Eine wesentliche Traditionslinie der Kirche ist die Verehrung der Märtyrer. Sie erinnert zugleich an das gewaltsame Schicksal Jesu. Bereits die Entwicklung und Ausbreitung des Christentums in den ersten Jahrhunderten wäre undenkbar, hätte es nicht jene Märtyrersaat und jenes Erbe an Heiligkeit gegeben, die die ersten Gläubigengenerationen kennzeichneten. Möglicherweise wäre auch die Entwicklung des „Heiligen Köln“ eine andere gewesen, hätte es nicht in den nachfolgenden Generationen dieses Ausmaß an Blutzeugenschaft und Reliquienverehrung gegeben. Hiervon zeugt in fortgesetzter Tradition noch heute die Verehrung Heiliger und Märtyrer in prachtvollen Schreinen (wie dem der Heiligen Drei Könige), Bildern und Bauten.

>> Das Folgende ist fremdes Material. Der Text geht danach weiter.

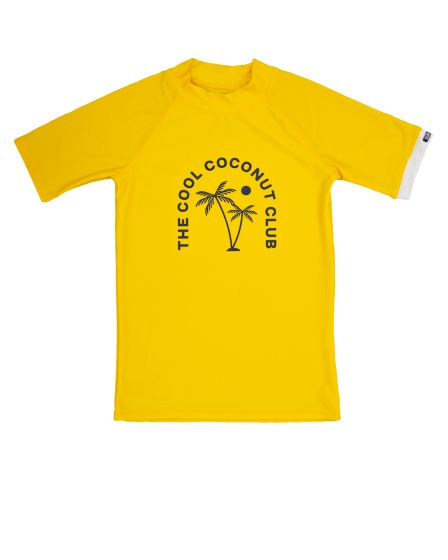 JUJA - UV-Zwemshirt met korte mouwen voor kinderen - UPF50+ - Cool Coconut - Sunny geel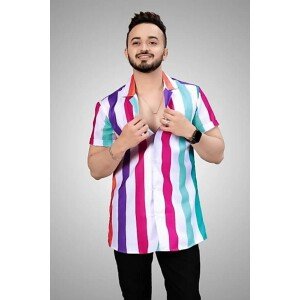 Lycra Printed Men's Shirt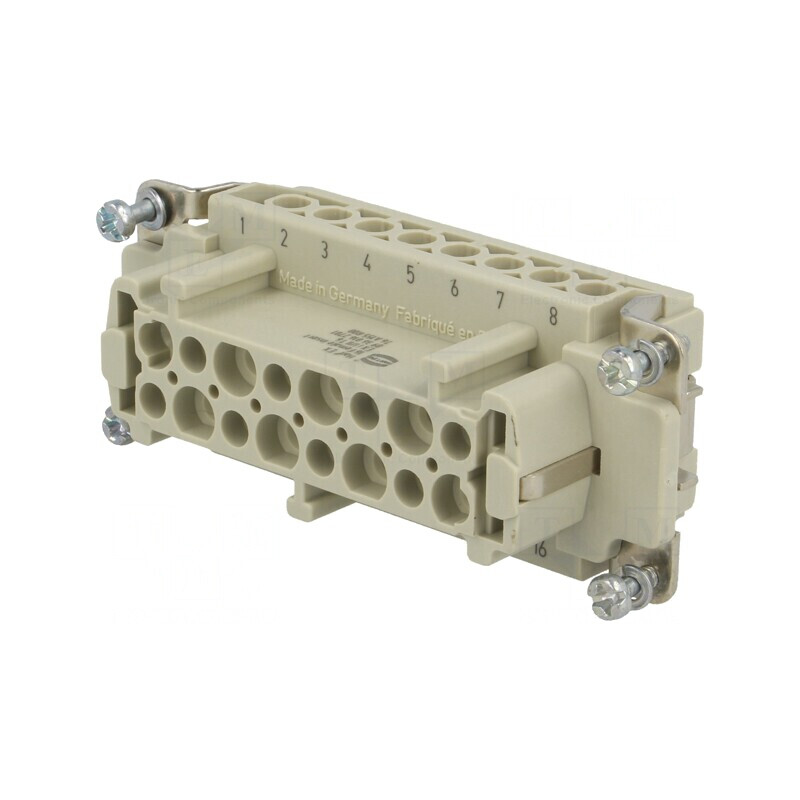 Conector HDC Inserturi Contact Mamă Han Ex 16 PE | Electronic-mag.ro | Componente Electronice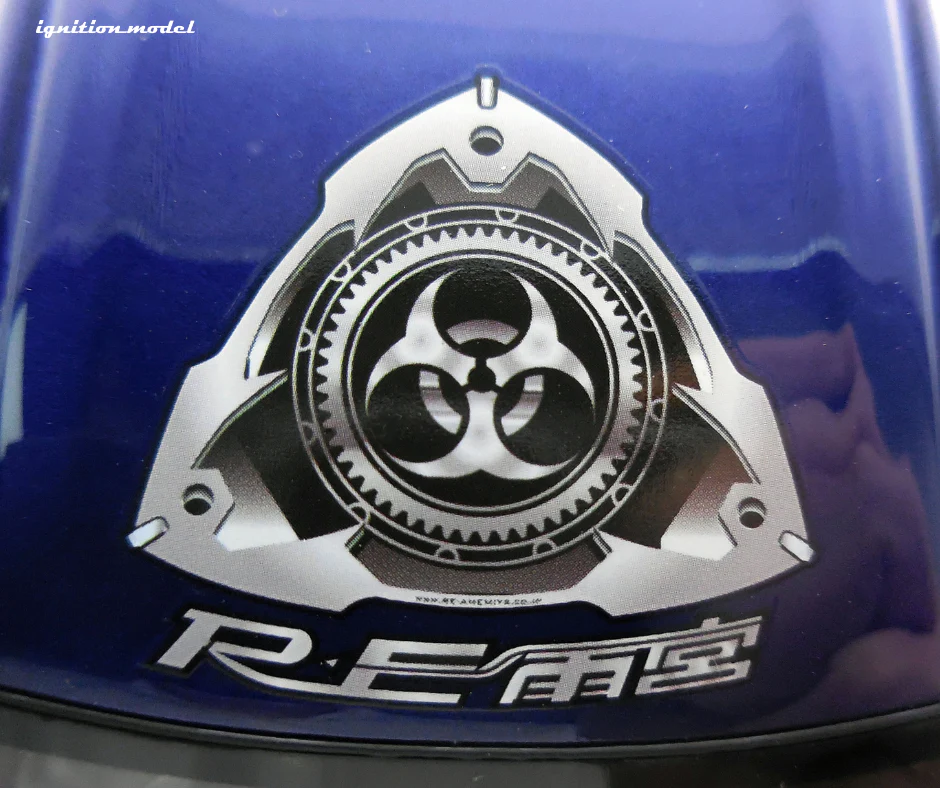 Ignition Model IG3243 1/18 RE Amemiya Mazda RX-8 SE3P Blue Resin w/ Figure
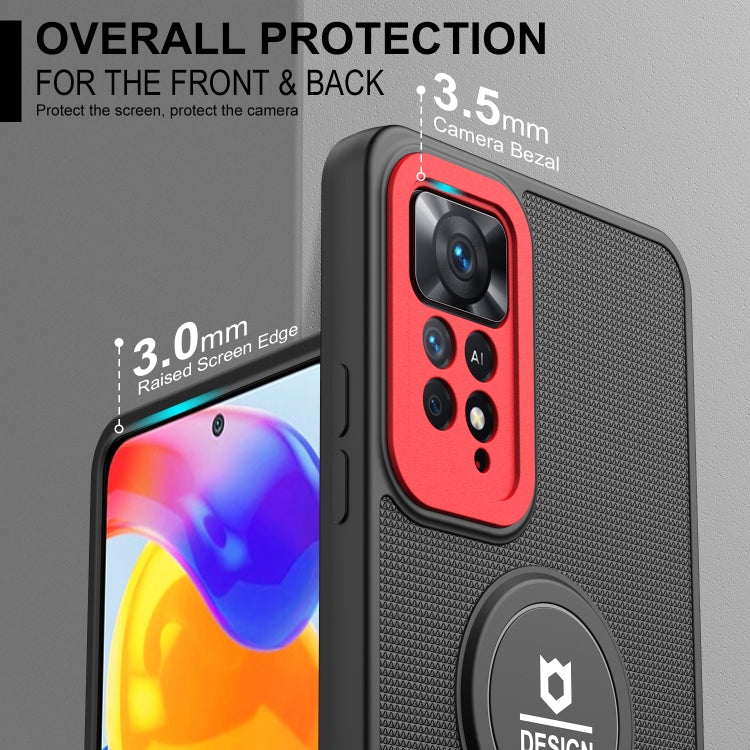 Small Tail Holder TPU+PC Phone Case, For Xiaomi Redmi Note 11 4G 2022 / Note 11S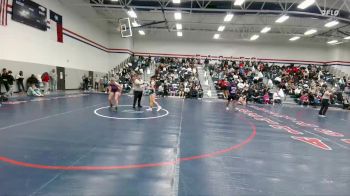 140 lbs Cons. Round 3 - Kylei Gokey, Tecumseh vs Maia Dolinar, Kansas City-Piper HS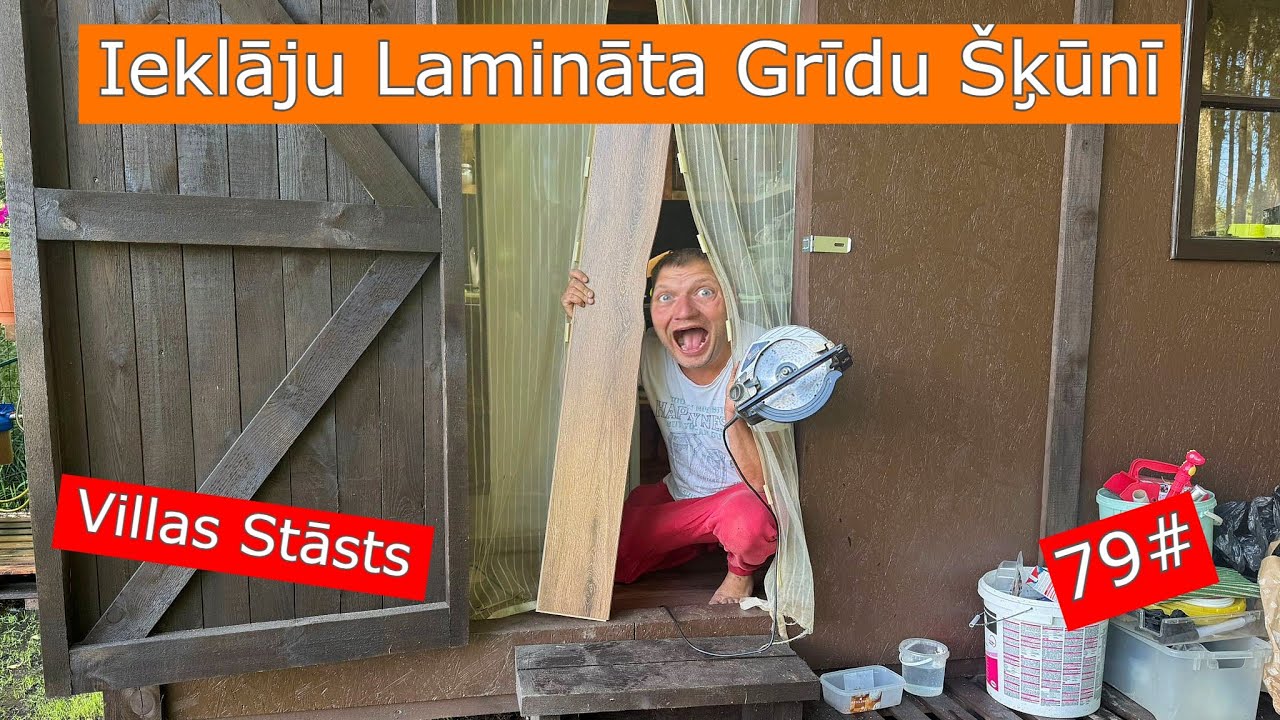 79# Ieklāju Lamināta Grīdu Šķūnī | Villas Stāsts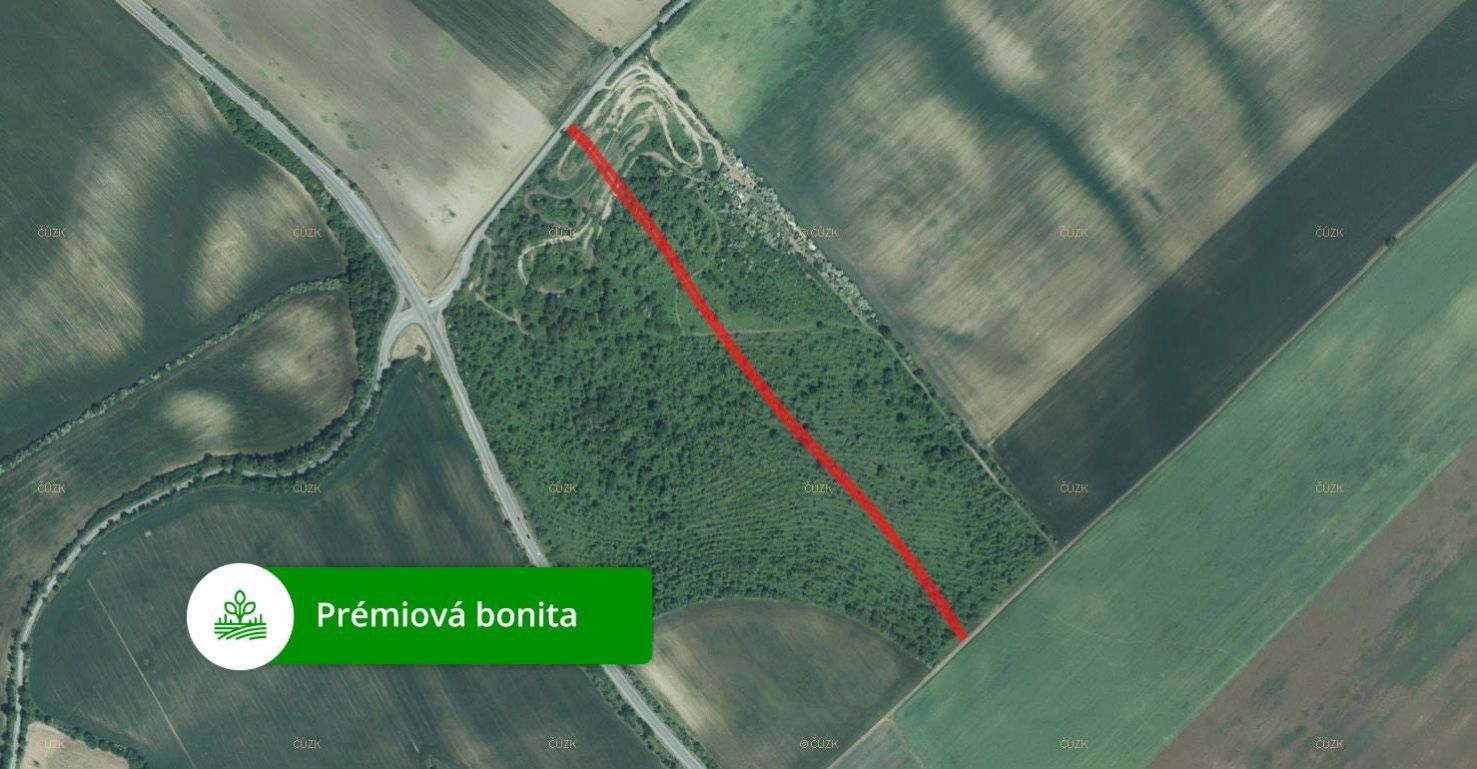 Prodej pozemek - Klobouky u Brna, 3 845 m²
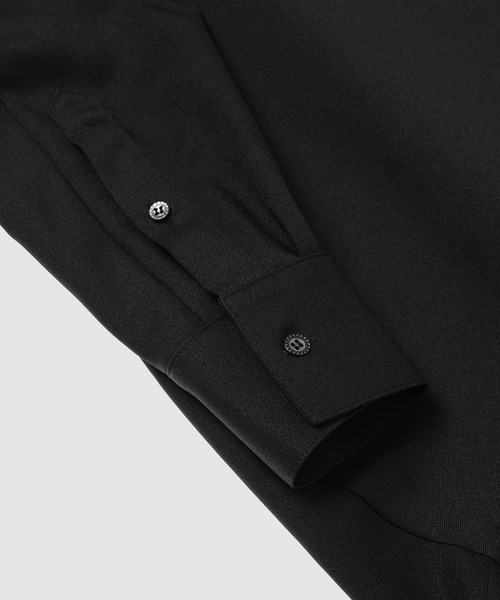 ANREALAGE（アンリアレイジ）の「BALL POLYESTER SHIRT（シャツ/ブラウス・メンズ・グレー/サックスブルー/ブラック・48/46/38）」の6枚目の写真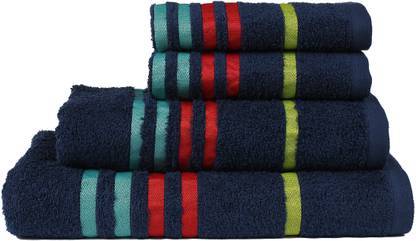 Casa Copenhagen Cotton 475 GSM Bath, Hand Towel Set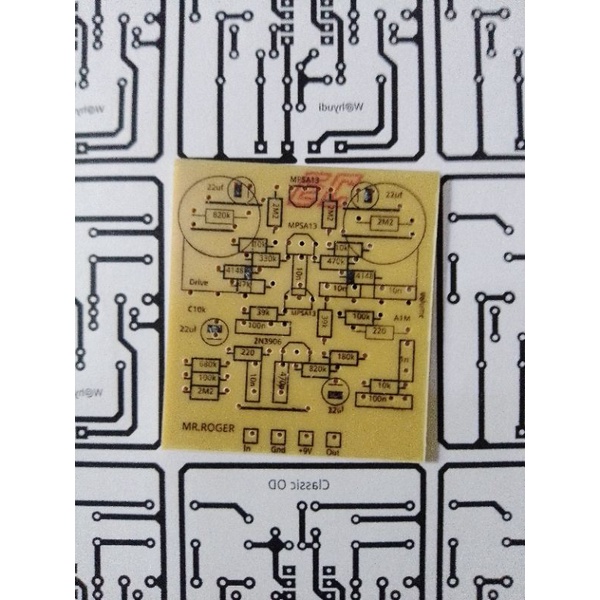 PCB EFEK GITAR FUZZ MR.ROGER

Tradition bildet sich jedoch nur, wenn jede Zeit dieses Gedenken in der ihr je eigenen Sprache festhält.

So hat Erzbischof Kardinal Joachim Meisner – auch als Kontrapunkt zu prunkvollen Gegenständen - entschieden, einen Gedenkort für die Märtyrer unserer Zeit, und zwar in der Kirche St. Ursula, der Patronin Kölns, einzurichten. Reliquien von diesen Märtyrern, die teils als unbekannt verschollen oder unauffindbar bestattet gelten, teils verscharrt oder verbrannt wurden, gibt es dort nicht. Was bleibt sind beeindruckende Bezeugungen ihres Lebens- und Leidensweges; Texte zusammengefasst, auch Abschiedsworte, Lebensmottos oder ein zutreffendes Bibelzitat, teils durch Zeitzeugen bekräftig, sollen zur stillen Betrachtung und Verehrung dieser Vorbilder anregen. Hier in dieser Kirche, als eines der geistlichen Zentren, ist Prälat Hermann Scheipers als Überlebender des KZ eingesetzt, um mit vertiefenden Erläuterungen Jugendlichen aus aller Welt über seine unmittelbaren Erlebnisse im Umgang mit einigen ihm persönlich bekannt gewordenen Märtyrern und Glaubenszeugen zu berichten, die teilweise inzwischen vom Papst schon selig gesprochen wurden oder noch selig gesprochen werden sollen, d.h. als Glaubensvorbilder anerkannt sind. Aus dem Bistum Dresden-Meißen stellte er auf dem Weltjugendtag in Köln besonders die Glaubensvorbilder Dr. Bernhard Wensch, Kaplan Alois Andritzki und Alois Scholze vor.